Ode to the Mellotron

Mellotrons. I miss ’em.

Anyone familiar with the denser forms of rock music circa 1971 knows Mellotrons, by sound if not by name. Before synthesizers could produce sounds besides simple, generated, electronic tones, before digital sampling became widespread, there was the Mellotron.

I guess you could consider the Mellotron a sort of proto-sampling, but it was very much analog in nature. Mellotrons consisted of an array of audio tape loops that captured real sounds at various pitches, performed with a keyboard. Depressing a key worked a lot like pressing a piano key, activating a mechanism that would play a note. Rather than a hammer tapping a tuned string, however, a Mellotron key pressed a cassette play head to the corresponding strip of audio tape, playing back a recording.

Needless to say, this made for an incredibly cumbersome and difficult device. (The Wikipedia page gives an almost hilarious rundown of just how terrible these things were to rely on for a living.) Anyone who remembers cassette tapes remembers how easily the sound could warp, distort, or even demagnetize; now imagine trying to incorporate that entropic sensation into a live performance. Mellotrons quickly became infamous for their unreliability and the amount of maintenance they required for touring bands. But, back in the ’60s and ’70s, they were the absolute best way to add an orchestral richness to small ensemble (e.g. rock band) sound. Or choirs! Or any number of other effects!

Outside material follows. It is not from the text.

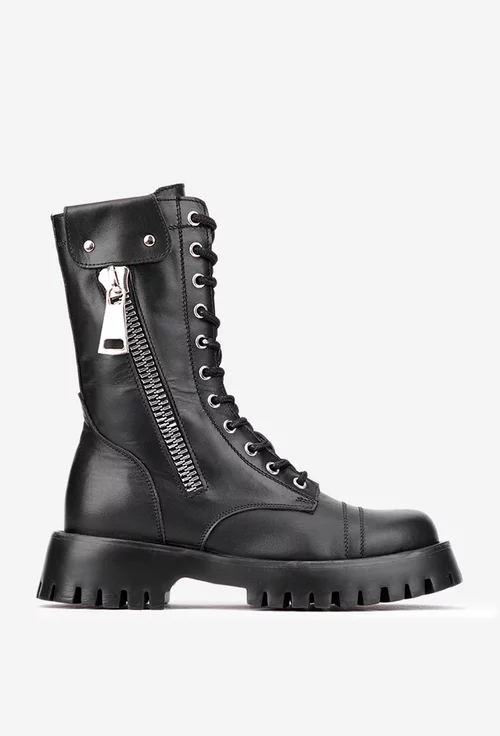 Ghete dama negre din piele naturala cu fermoar decorativ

Any number of symphonic, psychedelic, and prog acts incorporated Mellotrons into their mix anyway, from the Moody Blues to Uriah Heep. For my money, though, the master of the form was probably Tony Banks of Genesis, who made the Mellotron a staple of his tool set beginning with the band’s first “real” album, Trespass. The shuddering, tremulous effect of the “strings” in songs like “White Mountain” give the album the effect of having been pulled from a decaying master tape, but in fact the distortion came from the Mellotron itself.

“Watcher of the Skies” above, however, might be the instrument’s shining moment of glory; the first minute and a half of the song is a Mellotron solo. It eventually gives way to Hammond organ once the rhythm section folds into the sound, but it’s kind of impressive that a song (actually, an entire album — “Watcher of the Skies” is the lead track of 1972’s Foxtrot) begins with nothing but prerecorded strings played live. Genesis’ ambitious live shows were infamous for the fact that none of them ever went off without a hitch, and I have to imagine their reliance on Mellotrons played a part in that.

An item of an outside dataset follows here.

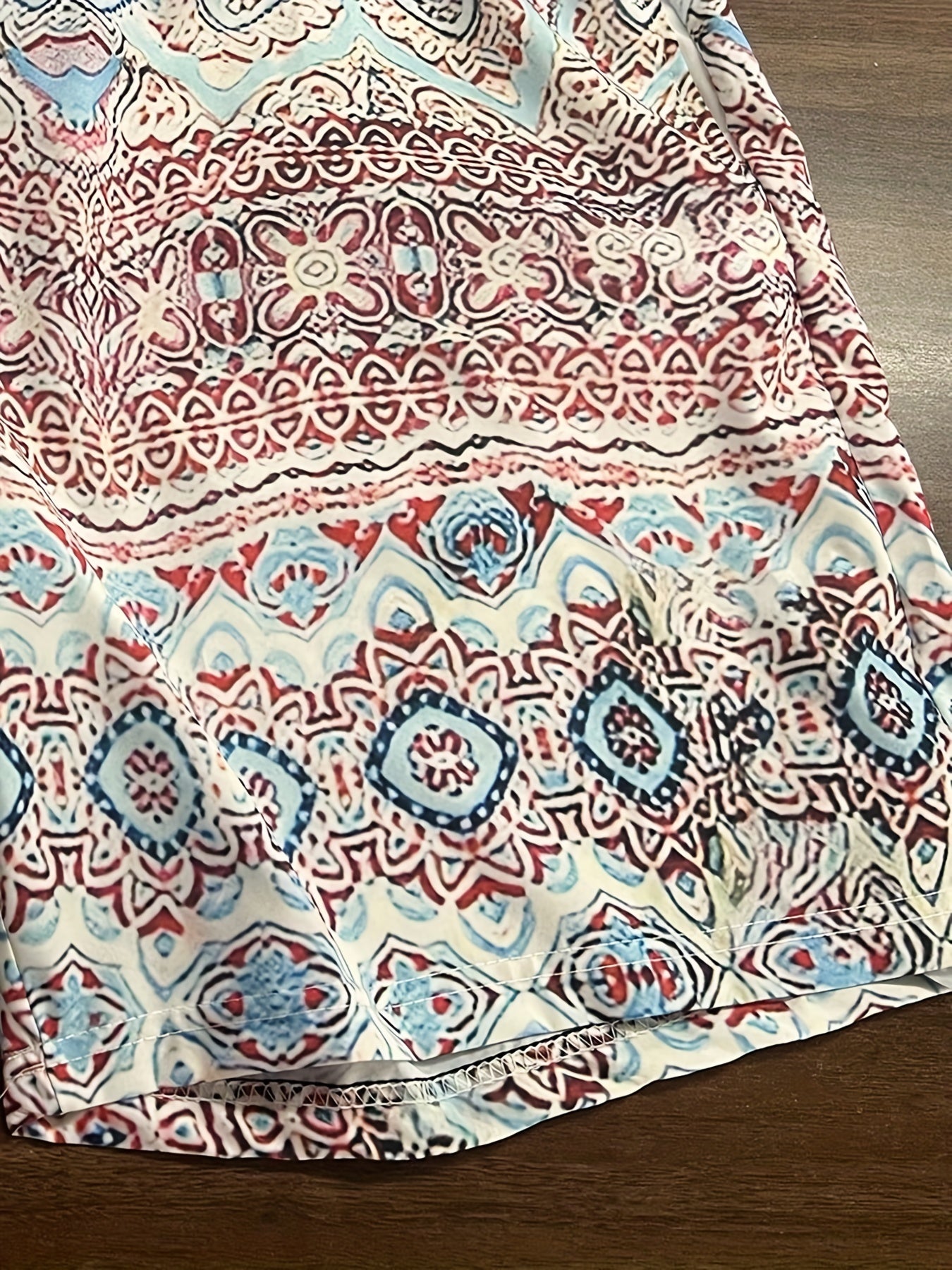 Men's Plus Size Graphic Print Beach Shorts with Elastic Drawstring Waist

With the closing section here of “The Cinema Show,” recorded in 1976, you can see (or hear?) the writing on the wall for the Mellotron. Banks uses it to lay down a wall  of choral sound, but the lead instrument in this passage is a synthesizer. A few years later, Rolands, Fairlights, and Vocoders hit the scene and Mellotrons vanished nary a goodbye; with 1980’s Duke, Banks switched entirely to synthesizers. A big part of Duke‘s new, modern sound had to do with the production processes involved — this was around the time Phil Collins began experimenting with drum machines and gated reverb — but Bank’s abandonment of ’70s analog devices like Mellotrons and organs had a lot to do with it as well.

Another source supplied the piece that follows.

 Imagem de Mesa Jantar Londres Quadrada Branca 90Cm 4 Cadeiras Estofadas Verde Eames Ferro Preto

Mellotrons haven’t totally vanished today; sometimes someone will drag one out of storage for novelty. It’s charming, but totally inessential. Like filming a movie on a hand-cranked camera, it’s something you do to make a statement. Everything a Mellotron could do, a synthesizer can do better. Maybe not as warmly or distinctly. However, synths are far more reliable. There’s something to be said for keeping the old ways alive, but you can hardly blame professional musicians for not wanting to hang their fortunes on a device that may or may not work on any given day.